(Scraped caption text data)
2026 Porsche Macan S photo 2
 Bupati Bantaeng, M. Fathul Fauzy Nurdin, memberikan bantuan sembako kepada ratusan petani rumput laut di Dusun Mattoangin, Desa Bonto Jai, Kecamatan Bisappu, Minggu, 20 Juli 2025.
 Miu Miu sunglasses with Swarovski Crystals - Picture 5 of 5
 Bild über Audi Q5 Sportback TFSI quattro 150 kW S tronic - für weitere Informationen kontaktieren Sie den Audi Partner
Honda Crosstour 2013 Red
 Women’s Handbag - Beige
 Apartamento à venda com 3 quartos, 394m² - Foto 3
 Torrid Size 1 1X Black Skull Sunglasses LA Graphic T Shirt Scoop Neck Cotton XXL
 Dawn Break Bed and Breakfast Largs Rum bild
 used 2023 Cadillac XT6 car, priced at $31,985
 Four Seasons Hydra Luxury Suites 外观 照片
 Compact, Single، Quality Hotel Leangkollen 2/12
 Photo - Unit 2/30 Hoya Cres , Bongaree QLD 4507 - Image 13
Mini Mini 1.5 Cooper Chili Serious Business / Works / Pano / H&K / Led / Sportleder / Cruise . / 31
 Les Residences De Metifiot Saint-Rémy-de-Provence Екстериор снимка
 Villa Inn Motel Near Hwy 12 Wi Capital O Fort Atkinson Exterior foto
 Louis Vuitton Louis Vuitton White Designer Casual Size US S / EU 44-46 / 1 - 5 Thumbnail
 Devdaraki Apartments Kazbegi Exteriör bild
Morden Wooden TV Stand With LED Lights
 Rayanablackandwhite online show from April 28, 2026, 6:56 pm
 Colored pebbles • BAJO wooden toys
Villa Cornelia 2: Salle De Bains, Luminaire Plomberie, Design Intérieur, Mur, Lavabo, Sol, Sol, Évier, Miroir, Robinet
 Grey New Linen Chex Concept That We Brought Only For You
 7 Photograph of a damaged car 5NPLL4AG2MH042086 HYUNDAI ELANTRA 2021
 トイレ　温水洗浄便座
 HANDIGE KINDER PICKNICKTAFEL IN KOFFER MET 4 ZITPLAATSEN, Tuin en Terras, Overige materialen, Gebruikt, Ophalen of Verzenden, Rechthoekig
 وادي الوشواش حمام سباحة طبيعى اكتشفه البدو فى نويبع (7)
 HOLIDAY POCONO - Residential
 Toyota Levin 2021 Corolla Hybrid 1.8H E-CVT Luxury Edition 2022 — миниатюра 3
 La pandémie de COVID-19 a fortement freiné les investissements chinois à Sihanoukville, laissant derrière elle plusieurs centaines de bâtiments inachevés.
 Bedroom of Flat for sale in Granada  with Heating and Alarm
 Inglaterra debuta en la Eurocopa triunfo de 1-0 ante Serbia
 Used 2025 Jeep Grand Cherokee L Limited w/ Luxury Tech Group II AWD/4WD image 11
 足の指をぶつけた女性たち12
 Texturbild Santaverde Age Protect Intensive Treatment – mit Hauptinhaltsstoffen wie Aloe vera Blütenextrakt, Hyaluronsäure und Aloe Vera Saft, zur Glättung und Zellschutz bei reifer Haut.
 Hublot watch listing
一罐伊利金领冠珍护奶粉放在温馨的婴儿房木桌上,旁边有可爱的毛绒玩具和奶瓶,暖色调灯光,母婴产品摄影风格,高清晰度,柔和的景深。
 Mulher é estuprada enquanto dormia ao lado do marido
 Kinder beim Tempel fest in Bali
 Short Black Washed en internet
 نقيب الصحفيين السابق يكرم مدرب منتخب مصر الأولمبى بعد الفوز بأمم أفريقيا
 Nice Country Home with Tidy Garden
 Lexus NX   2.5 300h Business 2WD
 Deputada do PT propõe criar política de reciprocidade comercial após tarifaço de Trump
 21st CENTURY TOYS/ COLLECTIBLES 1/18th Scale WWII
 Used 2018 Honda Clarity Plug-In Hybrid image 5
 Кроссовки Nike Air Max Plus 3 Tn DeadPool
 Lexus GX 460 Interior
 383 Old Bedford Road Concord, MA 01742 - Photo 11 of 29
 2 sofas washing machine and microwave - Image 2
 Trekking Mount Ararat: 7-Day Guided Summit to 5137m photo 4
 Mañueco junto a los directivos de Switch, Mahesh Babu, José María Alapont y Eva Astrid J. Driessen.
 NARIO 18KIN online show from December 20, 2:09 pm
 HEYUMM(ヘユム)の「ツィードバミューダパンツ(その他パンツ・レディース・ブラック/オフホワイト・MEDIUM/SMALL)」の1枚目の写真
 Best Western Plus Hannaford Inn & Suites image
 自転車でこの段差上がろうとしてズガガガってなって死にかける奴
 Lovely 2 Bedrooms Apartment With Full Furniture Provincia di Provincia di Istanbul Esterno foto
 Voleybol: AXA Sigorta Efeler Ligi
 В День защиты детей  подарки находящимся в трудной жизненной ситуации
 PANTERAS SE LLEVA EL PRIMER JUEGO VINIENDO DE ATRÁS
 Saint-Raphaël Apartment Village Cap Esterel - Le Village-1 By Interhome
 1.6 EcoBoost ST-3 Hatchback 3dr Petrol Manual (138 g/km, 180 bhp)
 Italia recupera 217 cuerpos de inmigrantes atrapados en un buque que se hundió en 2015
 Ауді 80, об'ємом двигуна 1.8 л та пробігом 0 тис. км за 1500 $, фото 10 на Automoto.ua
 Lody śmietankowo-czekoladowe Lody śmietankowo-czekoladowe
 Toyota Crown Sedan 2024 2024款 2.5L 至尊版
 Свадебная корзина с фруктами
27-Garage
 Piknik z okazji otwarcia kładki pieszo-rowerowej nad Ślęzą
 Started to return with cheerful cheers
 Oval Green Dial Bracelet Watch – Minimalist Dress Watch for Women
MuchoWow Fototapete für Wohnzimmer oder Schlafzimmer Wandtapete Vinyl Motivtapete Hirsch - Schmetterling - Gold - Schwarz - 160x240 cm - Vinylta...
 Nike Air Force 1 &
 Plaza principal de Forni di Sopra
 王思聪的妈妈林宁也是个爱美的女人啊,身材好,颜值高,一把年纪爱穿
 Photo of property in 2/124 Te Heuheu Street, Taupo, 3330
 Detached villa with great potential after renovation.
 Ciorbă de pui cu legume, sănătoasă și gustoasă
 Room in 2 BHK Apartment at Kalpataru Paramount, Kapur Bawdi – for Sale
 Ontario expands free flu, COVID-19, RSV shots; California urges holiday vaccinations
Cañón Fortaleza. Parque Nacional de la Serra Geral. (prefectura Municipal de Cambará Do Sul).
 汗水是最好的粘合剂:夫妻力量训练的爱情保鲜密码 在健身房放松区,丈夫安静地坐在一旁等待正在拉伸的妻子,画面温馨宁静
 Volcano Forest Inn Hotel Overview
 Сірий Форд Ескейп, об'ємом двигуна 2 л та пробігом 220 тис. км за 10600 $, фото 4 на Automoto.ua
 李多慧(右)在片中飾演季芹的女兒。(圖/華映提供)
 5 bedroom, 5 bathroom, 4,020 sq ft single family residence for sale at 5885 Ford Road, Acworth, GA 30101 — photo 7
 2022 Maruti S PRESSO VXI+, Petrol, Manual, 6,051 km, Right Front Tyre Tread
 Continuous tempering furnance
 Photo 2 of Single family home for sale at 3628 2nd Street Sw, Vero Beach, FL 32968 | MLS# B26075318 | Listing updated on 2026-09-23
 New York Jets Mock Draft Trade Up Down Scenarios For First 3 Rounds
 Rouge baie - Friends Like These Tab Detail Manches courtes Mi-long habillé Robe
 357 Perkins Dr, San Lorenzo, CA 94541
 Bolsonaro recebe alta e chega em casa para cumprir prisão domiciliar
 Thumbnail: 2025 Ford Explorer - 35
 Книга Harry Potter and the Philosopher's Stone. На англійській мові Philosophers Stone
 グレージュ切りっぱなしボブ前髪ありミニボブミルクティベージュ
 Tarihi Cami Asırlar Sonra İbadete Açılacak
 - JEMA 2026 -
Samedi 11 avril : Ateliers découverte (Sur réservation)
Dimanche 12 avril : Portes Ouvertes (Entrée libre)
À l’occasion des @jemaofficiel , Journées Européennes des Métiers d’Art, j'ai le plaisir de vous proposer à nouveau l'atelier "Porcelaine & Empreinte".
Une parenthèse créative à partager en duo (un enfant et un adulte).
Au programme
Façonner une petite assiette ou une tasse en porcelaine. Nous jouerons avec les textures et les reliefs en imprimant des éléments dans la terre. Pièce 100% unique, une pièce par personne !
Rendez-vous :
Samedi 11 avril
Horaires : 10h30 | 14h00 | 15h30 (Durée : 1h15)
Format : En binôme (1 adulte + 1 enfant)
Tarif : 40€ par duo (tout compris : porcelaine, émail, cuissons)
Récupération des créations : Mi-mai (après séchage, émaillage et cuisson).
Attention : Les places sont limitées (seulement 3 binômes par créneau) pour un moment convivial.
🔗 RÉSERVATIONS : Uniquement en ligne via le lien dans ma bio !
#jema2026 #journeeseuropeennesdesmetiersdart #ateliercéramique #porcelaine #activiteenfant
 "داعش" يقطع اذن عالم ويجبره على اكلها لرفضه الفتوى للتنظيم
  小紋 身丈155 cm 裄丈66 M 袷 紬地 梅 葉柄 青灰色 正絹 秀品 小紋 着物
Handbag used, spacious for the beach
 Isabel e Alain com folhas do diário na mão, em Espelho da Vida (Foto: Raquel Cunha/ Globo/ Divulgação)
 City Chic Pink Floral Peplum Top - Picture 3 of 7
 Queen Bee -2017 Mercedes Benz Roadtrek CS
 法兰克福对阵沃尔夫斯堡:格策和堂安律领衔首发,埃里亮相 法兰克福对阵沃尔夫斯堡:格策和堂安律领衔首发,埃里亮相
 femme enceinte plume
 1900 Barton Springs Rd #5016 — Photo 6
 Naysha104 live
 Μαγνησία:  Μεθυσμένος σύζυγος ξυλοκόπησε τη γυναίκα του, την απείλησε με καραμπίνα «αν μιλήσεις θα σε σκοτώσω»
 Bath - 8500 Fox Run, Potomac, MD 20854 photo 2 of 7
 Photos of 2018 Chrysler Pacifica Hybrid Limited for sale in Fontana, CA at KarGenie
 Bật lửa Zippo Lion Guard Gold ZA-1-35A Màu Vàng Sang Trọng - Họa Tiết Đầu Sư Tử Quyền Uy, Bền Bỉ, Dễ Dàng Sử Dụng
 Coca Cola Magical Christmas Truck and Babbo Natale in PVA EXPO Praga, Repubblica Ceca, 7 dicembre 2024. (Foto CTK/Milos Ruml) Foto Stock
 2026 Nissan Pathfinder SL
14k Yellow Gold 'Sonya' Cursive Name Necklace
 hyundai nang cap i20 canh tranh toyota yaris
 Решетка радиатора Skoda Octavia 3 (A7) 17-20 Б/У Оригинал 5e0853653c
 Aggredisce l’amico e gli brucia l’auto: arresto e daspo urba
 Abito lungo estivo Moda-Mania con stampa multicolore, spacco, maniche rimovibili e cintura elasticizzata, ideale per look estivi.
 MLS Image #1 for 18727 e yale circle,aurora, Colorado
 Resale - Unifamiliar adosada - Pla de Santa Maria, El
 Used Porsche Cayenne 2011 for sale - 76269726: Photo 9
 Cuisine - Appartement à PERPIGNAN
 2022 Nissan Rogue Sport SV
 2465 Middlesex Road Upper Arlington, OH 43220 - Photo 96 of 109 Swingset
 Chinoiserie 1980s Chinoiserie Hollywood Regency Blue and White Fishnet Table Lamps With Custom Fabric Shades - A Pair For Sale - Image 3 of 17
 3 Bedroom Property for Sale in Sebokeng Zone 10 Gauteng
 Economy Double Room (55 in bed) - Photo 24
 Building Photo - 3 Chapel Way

• WHAT THE TASK REQUIRES:
All lines above between those holding "Continuous tempering furnance" and "Attention : Les", inclusive, must be set down unchanged, and no other line may be included.

• REPLY:
 Continuous tempering furnance
 Photo 2 of Single family home for sale at 3628 2nd Street Sw, Vero Beach, FL 32968 | MLS# B26075318 | Listing updated on 2026-09-23
 New York Jets Mock Draft Trade Up Down Scenarios For First 3 Rounds
 Rouge baie - Friends Like These Tab Detail Manches courtes Mi-long habillé Robe
 357 Perkins Dr, San Lorenzo, CA 94541
 Bolsonaro recebe alta e chega em casa para cumprir prisão domiciliar
 Thumbnail: 2025 Ford Explorer - 35
 Книга Harry Potter and the Philosopher's Stone. На англійській мові Philosophers Stone
 グレージュ切りっぱなしボブ前髪ありミニボブミルクティベージュ
 Tarihi Cami Asırlar Sonra İbadete Açılacak
 - JEMA 2026 -
Samedi 11 avril : Ateliers découverte (Sur réservation)
Dimanche 12 avril : Portes Ouvertes (Entrée libre)
À l’occasion des @jemaofficiel , Journées Européennes des Métiers d’Art, j'ai le plaisir de vous proposer à nouveau l'atelier "Porcelaine & Empreinte".
Une parenthèse créative à partager en duo (un enfant et un adulte).
Au programme
Façonner une petite assiette ou une tasse en porcelaine. Nous jouerons avec les textures et les reliefs en imprimant des éléments dans la terre. Pièce 100% unique, une pièce par personne !
Rendez-vous :
Samedi 11 avril
Horaires : 10h30 | 14h00 | 15h30 (Durée : 1h15)
Format : En binôme (1 adulte + 1 enfant)
Tarif : 40€ par duo (tout compris : porcelaine, émail, cuissons)
Récupération des créations : Mi-mai (après séchage, émaillage et cuisson).
Attention : Les places sont limitées (seulement 3 binômes par créneau) pour un moment convivial.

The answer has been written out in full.